SieveTables

This post starts by explaining what are Rust traits, and how they are implemented. Feel free to skip to issue description if you are familiar with the Rust language. Or you can even skip to proposed solution if you are also familiar with the issue being discussed here.

Lately, I’ve been looking at some Rust. In that context, I got nerd-snipped by an interesting language-design issue: rust-lang#2035.
I tried to propose a solution. I don’t think I have seen yet in other languages. I dubbed it sievetables.

Code is on GitHub (this are benchmarks, not production-quality).

Intro to Rust traits #

Rust has “traits” which for the purpose of the discussion can be thought of as C++ pure virtual classes, or Java interfaces ( more details).

// This snippet defines three traits: First, Middle and Last.
trait First { fn first_name(&self) -> String; }
trait Middle { fn middle_name(&self) -> String; }
trait Last { fn last_name(&self) -> String; }
// Now we can define a person holding the names.
struct Person {
    first: String, middle: String, last: String
}
// And finally, implement the interface.
impl First for Person { /*···*/ }
impl Middle for Person { /*···*/ }
impl Last for Person { /*···*/ }

A Rust function can specify its argument’s types to be traits. It can then accept any compatible object:

fn last_uppercase(x: &dyn Last) -> String {
    x.last_name().to_uppercase()
}

We must use the dyn keyword to tell Rust to generate a single function that can take multiple types. & means the function is taking a reference (like a pointer, but safer as it is guaranteed to outlive the function).

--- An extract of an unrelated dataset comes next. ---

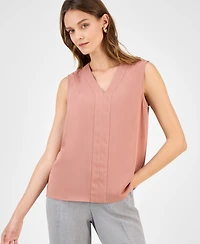 Kasper Women's Sleeveless V-Neck Top, Regular & Petite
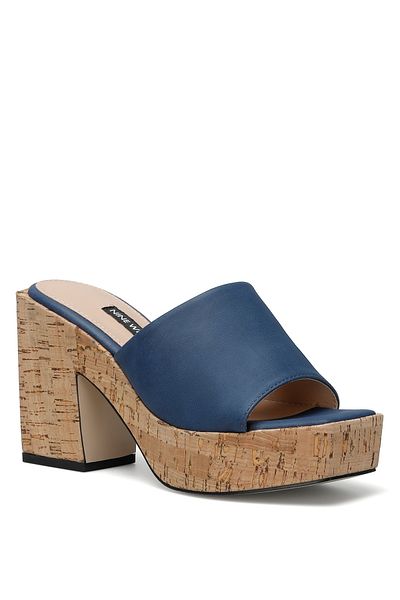 Nine West Garba 2Fx Navy Blue Women's Heeled Slippers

So far so good. We can call for example:

let alice = Person{ /*···*/ };
last_uppercase(&alice);

Under the hood, our &alice is really a pointer. That pointer is called a “fat pointer” because it is larger than a normal pointer. It contains:

The address of the object (64 bit on x86-64, but 32 bits in the example).
The address of the vtable (likewise).

C++ in comparison repeats the vtable pointers at the beginning of each object, which is less memory-efficient but does simplify interoperability¹.

What’s rust-lang#2035 about? #

Now , we’d like to do this:

fn full_name(x: &dyn First+Last+Middle) -> String {
    format("{} {}", first_two_names(x), x.last_name())
}
fn first_two_names(x: &dyn First+Middle) -> String {
    format("{} {}", x.first_name(), x.middle_name())
}
full_name(&alice);

First full_name needs x to be a pointer that has the methods of all traits. Then it needs to somehow change x to have fewer traits, in order to call first_two_names.

This can’t work with our previous fat pointer, because it contained only one vtable. If that vtable contained all methods, it wouldn’t be suitable for first_two_names. If it contained only the first two methods, it wouldn’t be suitable for full_name.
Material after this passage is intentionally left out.